= John Revell =

English carpenter (died 1563)

John Revell (died 1563) was an English carpenter employed at royal castles and palaces. He became surveyor of the royal works in 1560.

== Career ==
John Revell's family were Londoners and carpenters. He is first recorded working on the house built for Henry VIII at Deptford. He became a warden of the Carpenter's Company in 1553.

He worked in Scotland in the 1540s strengthening forts and castles held by the English during the war known as the Rough Wooing, including Roxburgh Castle where he built a brewhouse. He was known as the Master Carpenter in the North Parts. "Revell the Master Carpenter" was sent to view Broughty Castle, Inchcolm, Roxburgh, Hume Castle and the fort at Eyemouth. Humphrey Revell, presumably a relative, was Master Carpenter of Berwick-upon-Tweed from 1550.

Revell contributed to the repair of bridges or landing stages on the Thames at Blackfriars and the Temple. He was employed at the building of Somerset House for Edward Seymour, 1st Duke of Somerset and its refurbishment for Princess Elizabeth in 1553.
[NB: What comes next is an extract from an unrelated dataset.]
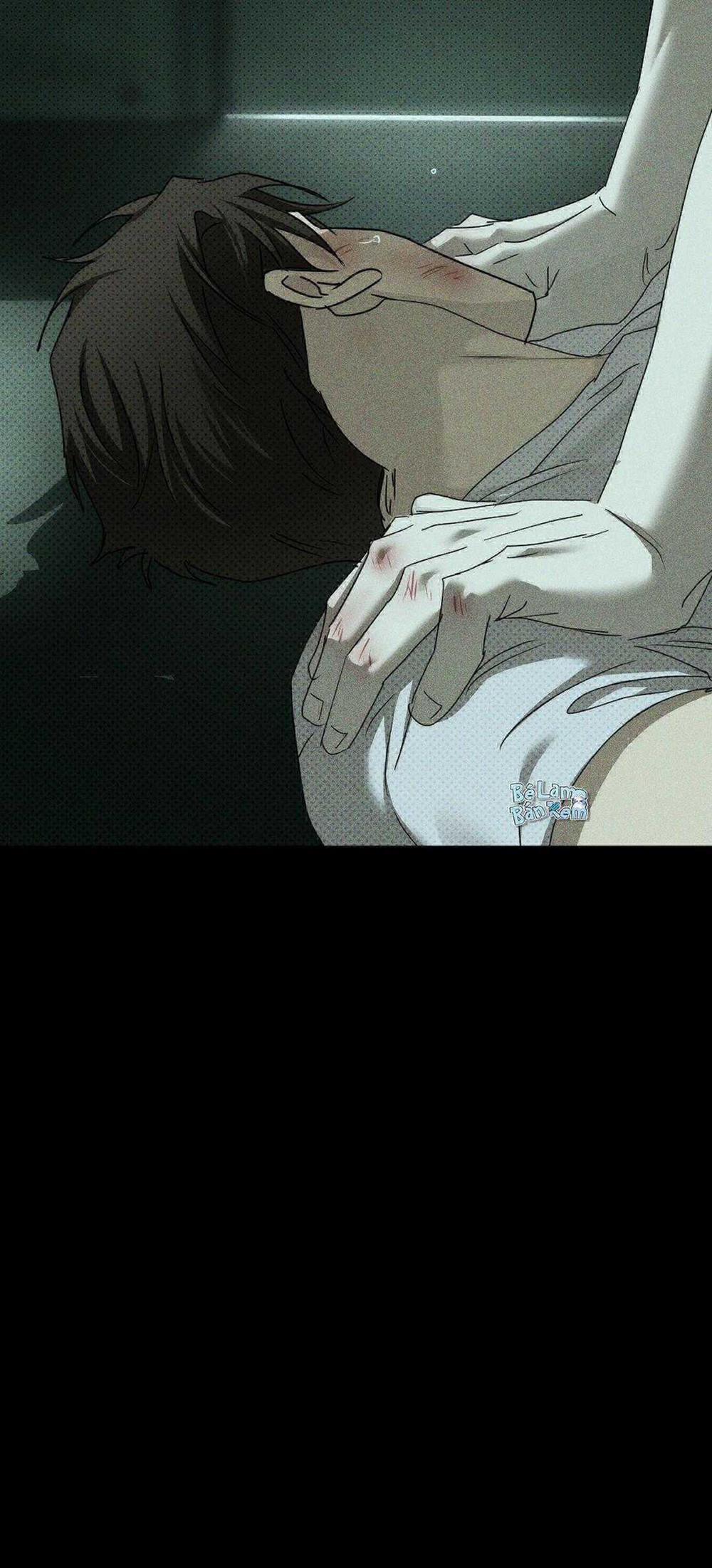 Dưới Ánh Đèn Xanh Ss2 29 trang 71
As surveyor of the Queen's works in 1562, Revell managed preparations at Nottingham Castle for the planned interview between Elizabeth I and Mary, Queen of Scots. The event was cancelled. Around the same time, timber was sent to him from the Forest of Rockingham for repairs at Collyweston Palace.

John Revell died on 12 December 1563. His widow was a sister of the London mercer Hugh Brynckelowe and a relation of the author Henry Brinklow.